____ DATA PROVIDED

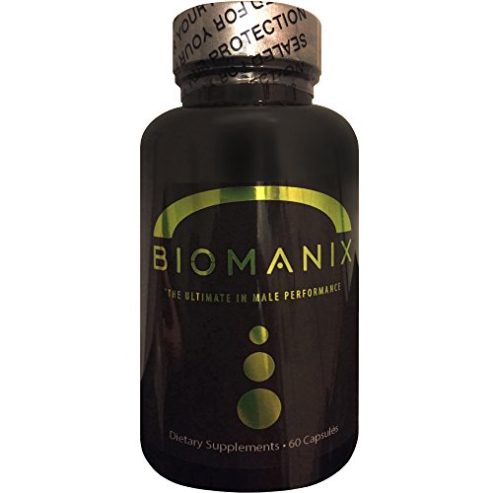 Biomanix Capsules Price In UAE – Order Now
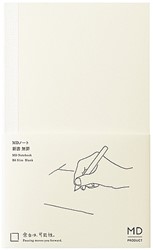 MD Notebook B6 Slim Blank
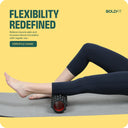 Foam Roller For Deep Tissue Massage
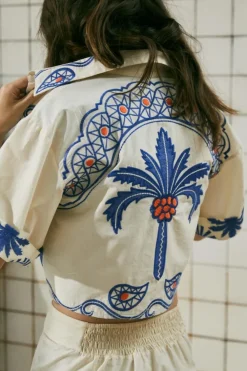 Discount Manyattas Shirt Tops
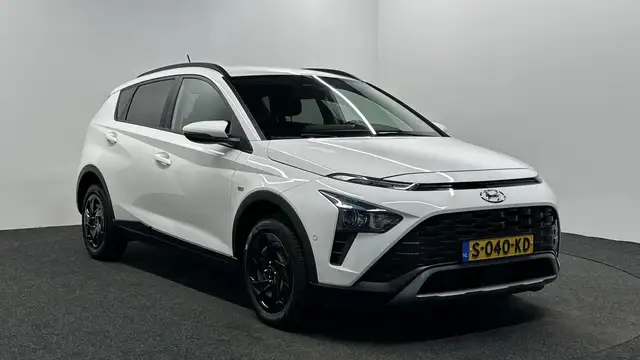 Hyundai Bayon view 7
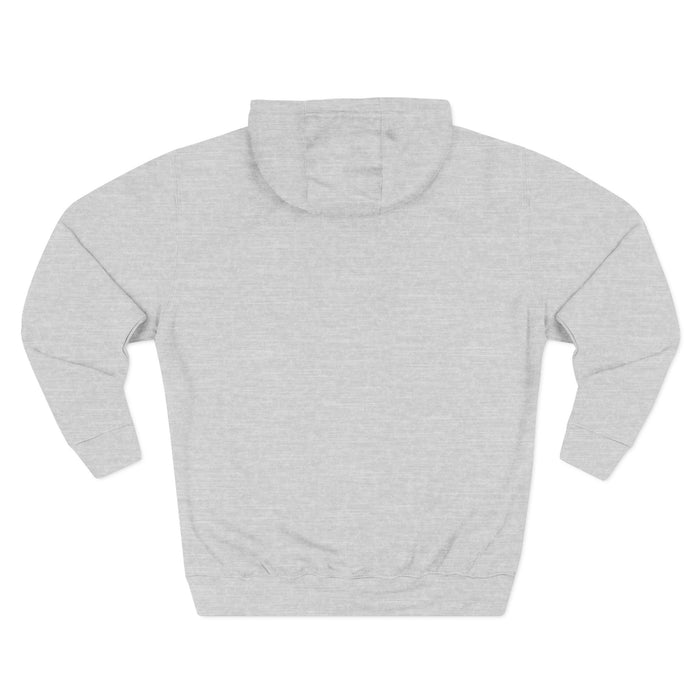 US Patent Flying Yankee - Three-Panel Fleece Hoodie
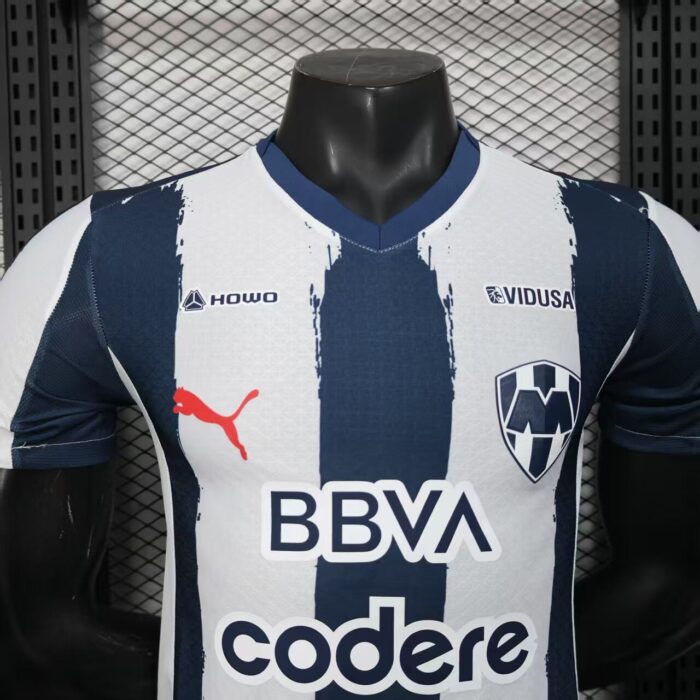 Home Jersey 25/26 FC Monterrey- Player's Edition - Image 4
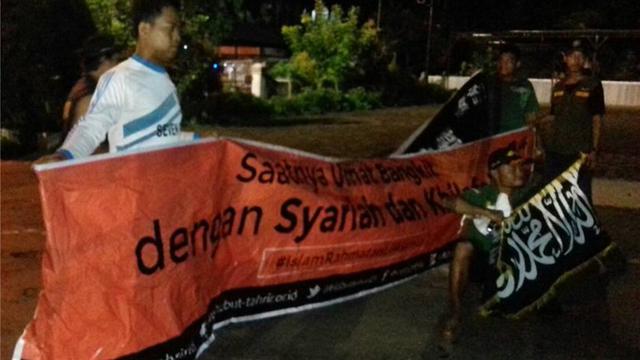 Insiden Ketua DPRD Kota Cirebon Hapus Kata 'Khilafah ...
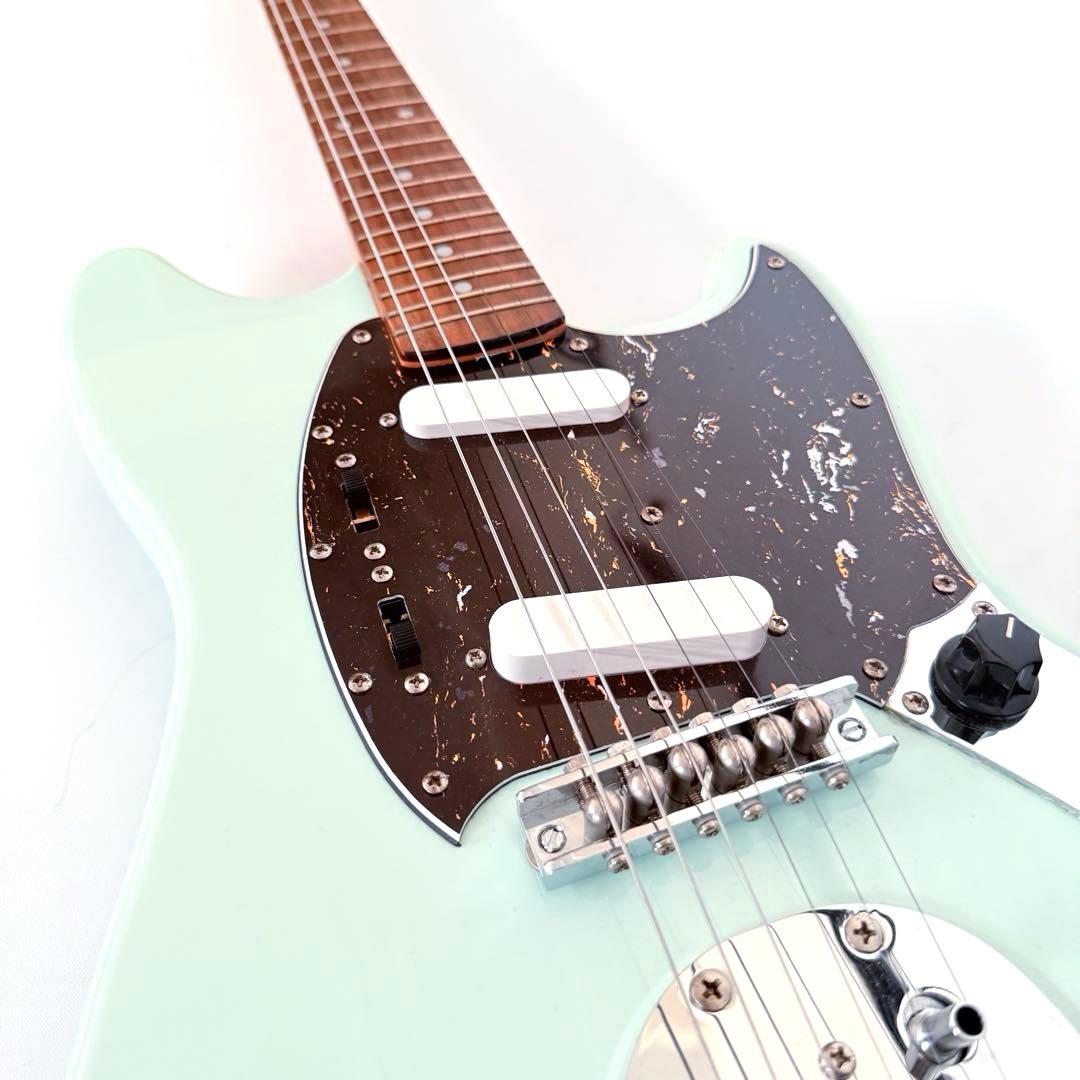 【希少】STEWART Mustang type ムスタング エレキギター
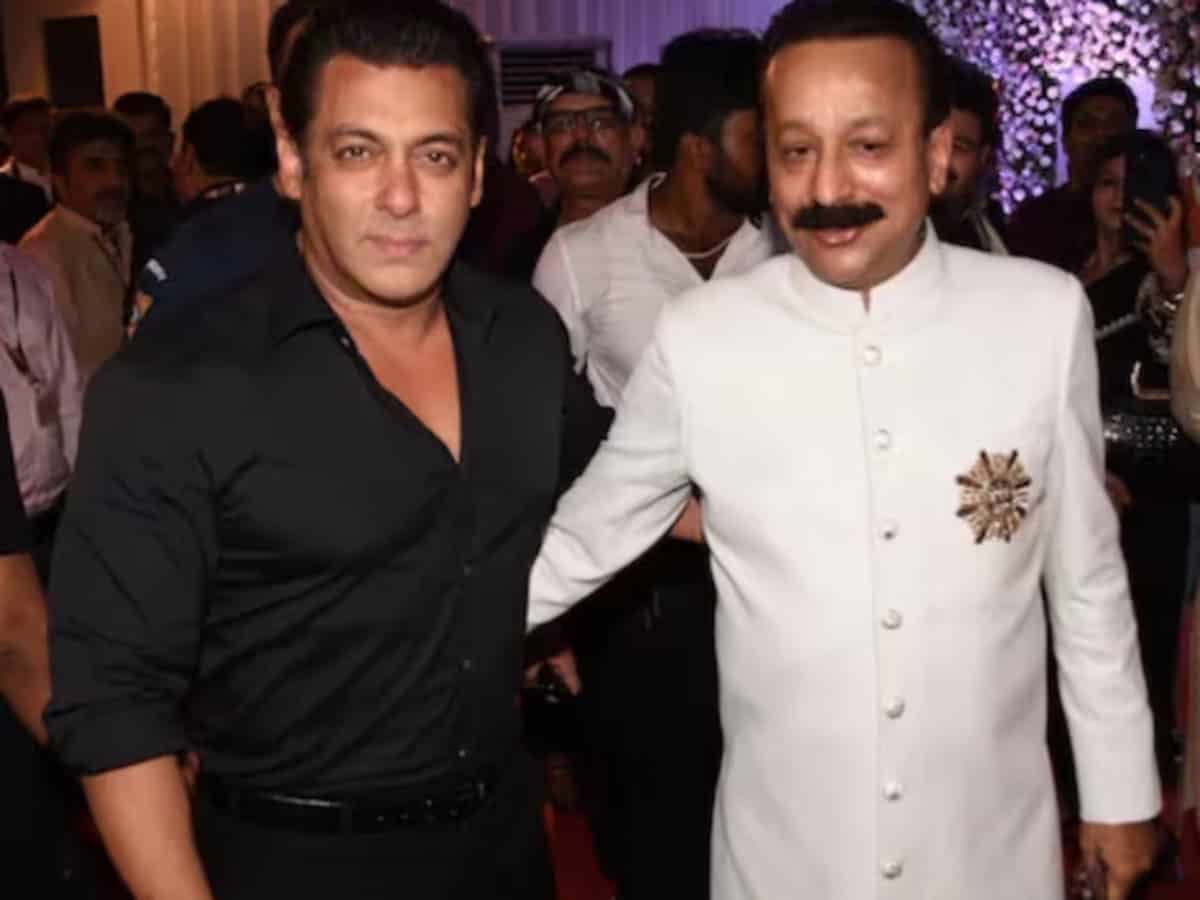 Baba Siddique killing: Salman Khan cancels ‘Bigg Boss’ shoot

________

WHAT TO PRODUCE:
Word for word, repeat all of the entries above, leaving out the pictures.

RESPONSE FOR THIS EXERCISE:
 Biomanix Capsules Price In UAE – Order Now
 MD Notebook B6 Slim Blank
 Foam Roller For Deep Tissue Massage
 Discount Manyattas Shirt Tops
 Hyundai Bayon view 7
 US Patent Flying Yankee - Three-Panel Fleece Hoodie
 Home Jersey 25/26 FC Monterrey- Player's Edition - Image 4
 Insiden Ketua DPRD Kota Cirebon Hapus Kata 'Khilafah ...
 【希少】STEWART Mustang type ムスタング エレキギター
 Baba Siddique killing: Salman Khan cancels ‘Bigg Boss’ shoot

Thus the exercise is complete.